Dans la littérature, il existe peu de données dans le monde et particulièrement en Afrique subsaharienne [6] sur l’asthme chez les coiffeurs. Cependant, même si la confirmation diagnostique peut ne pas être aisée, la connaissance de l’ampleur des tableaux évocateurs d’asthme professionnel parmi les coiffeurs devrait être plus accessible. En effet, selon les conclusions de Demange V. et coll., qui ont conduit une étude épidémiologique multicentrique sur le repérage de l’asthme lors du suivi individuel de l’état de santé au travail, l’absence de diagnostic d’asthme posé ne suffit pas à exclure un asthme en relation avec le travail [11]. Selon les auteurs, un auto-questionnaire simple permet de repérer les salariés avec des symptômes respiratoires potentiellement en lien avec le travail. L’utilisation de cet outil serait particulièrement pertinente auprès des salariés travaillant dans des secteurs à risque d’asthme professionnel ou potentiellement exposés à des facteurs d’aggravation de l’asthme comme la coiffure [11].

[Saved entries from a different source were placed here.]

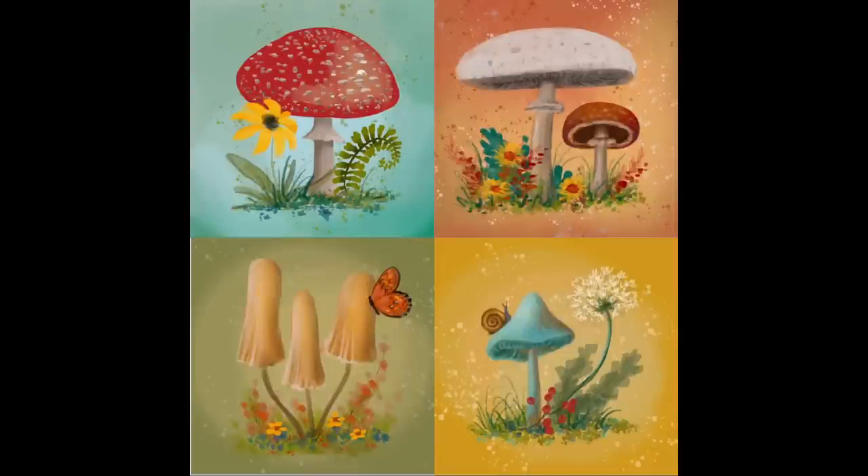Hello, this is Angela Anderson. Thanks for joining me for this acrylic painting tutorial. In this video I'm going to be showing you how to paint a couple of really cute little mini canvases with some mushrooms.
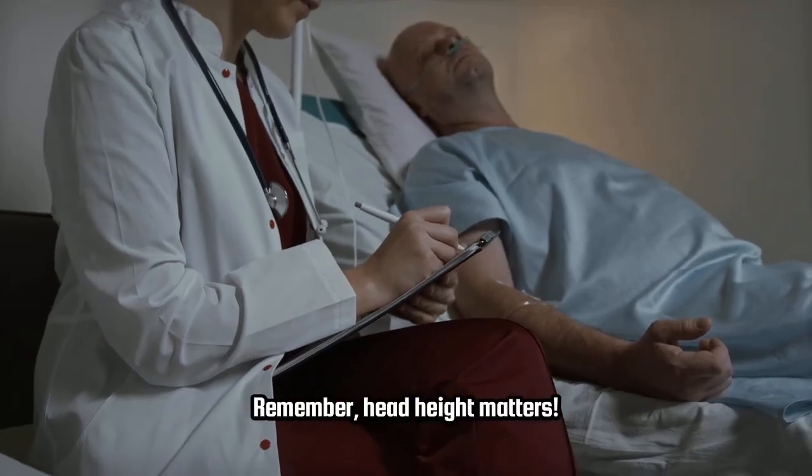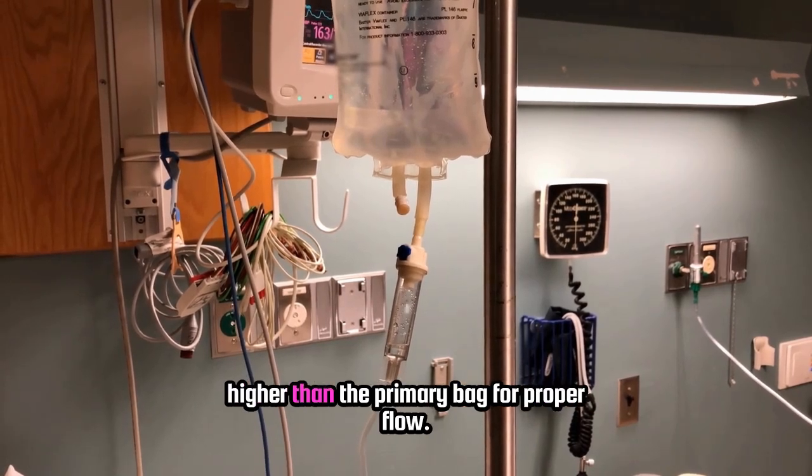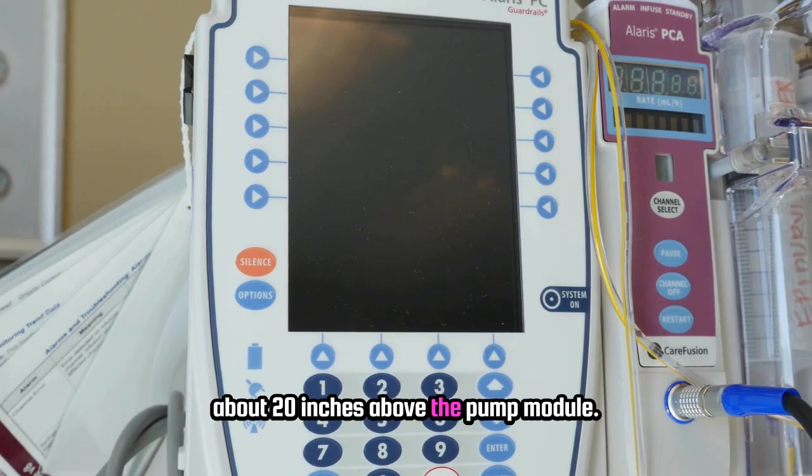Remember, head height matters. Hang the secondary bag at least 9.5 inches higher than the primary bag for proper flow. For Alaris pumps, both bags should ideally be about 20 inches above the pump module.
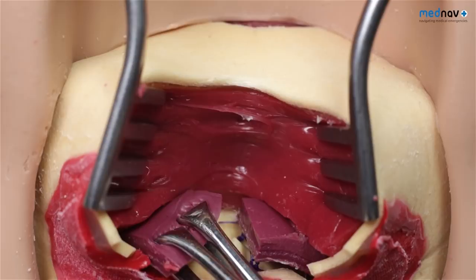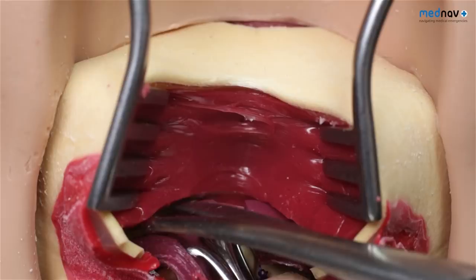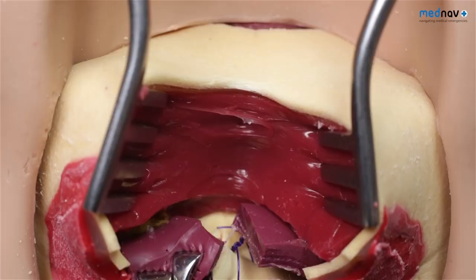The end-to-end technique involves the same technique as with the internal anal sphincter and should be used for all partial thickness tears — that is, those classified as 3A and some 3B tears.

Au Bénin, malgré le nombre élevé de travailleurs exerçant ce métier, il n’existe aucune politique de prévention de l’asthme dans le secteur de la coiffure ; les professionnels concernés relevant pour la plupart du secteur informel. Toutefois, à l’instar des autres asthmes professionnels, l’asthme chez les coiffeurs est réparé par le tableau 72 des Maladies Professionnelles (MP) inclus dans le décret n°2013-50 du 11 février 2013 portant liste des MP et de ses annexes en République du Bénin.
Les objectifs dans ce travail préliminaire réalisé à Parakou (la principale ville du nord du pays), était d’étudier d’une part la prévalence et les facteurs associés aux symptômes d’asthme parmi les coiffeuses et d’autre part, d’évaluer leur connaissance sur le risque respiratoire potentiel lié aux produits manipulés en vue d’orienter des actions de prévention.